Problem: Among the entries below, find the line with "Dessus de table" and the line with "Orecchini a clip". Return exactly those lines and every line between them, but no pictures.

Records supplied:
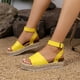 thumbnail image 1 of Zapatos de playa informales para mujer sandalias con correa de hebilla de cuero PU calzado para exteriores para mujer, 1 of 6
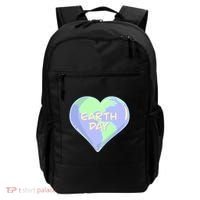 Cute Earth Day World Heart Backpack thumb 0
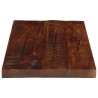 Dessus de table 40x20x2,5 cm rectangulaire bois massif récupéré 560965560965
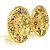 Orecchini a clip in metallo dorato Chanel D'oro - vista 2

* * *

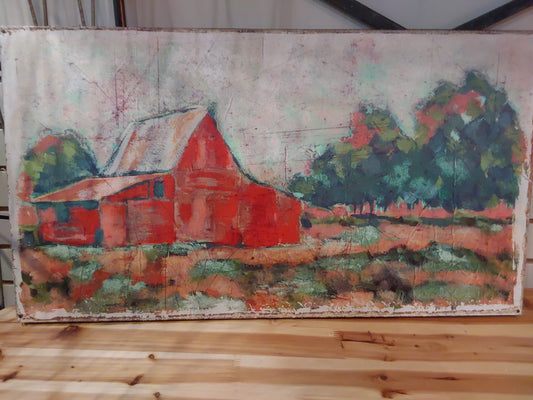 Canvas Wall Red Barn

==

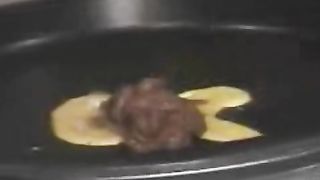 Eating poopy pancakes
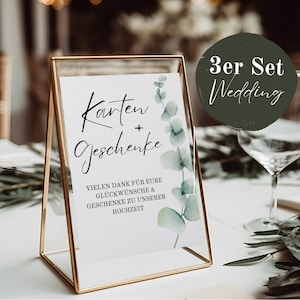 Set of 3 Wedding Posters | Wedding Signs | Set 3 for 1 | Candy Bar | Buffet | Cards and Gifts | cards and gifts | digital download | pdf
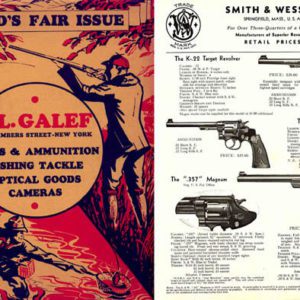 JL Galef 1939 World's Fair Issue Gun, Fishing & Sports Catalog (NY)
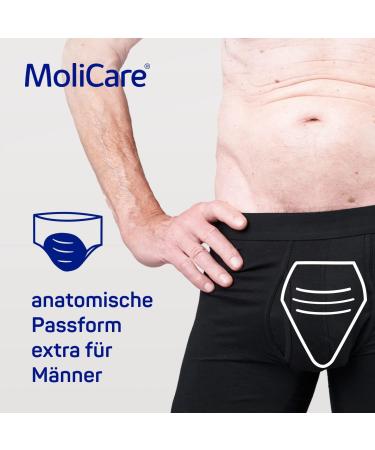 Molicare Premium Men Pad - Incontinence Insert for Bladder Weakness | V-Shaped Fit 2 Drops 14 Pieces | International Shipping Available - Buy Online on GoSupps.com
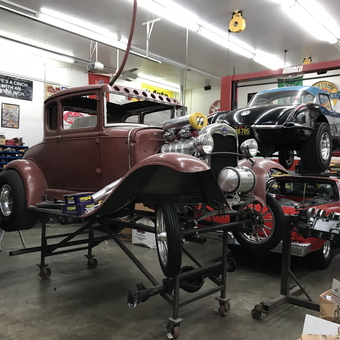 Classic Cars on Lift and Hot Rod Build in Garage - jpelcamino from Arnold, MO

Task result:
 Dessus de table 40x20x2,5 cm rectangulaire bois massif récupéré 560965560965
 Orecchini a clip in metallo dorato Chanel D'oro - vista 2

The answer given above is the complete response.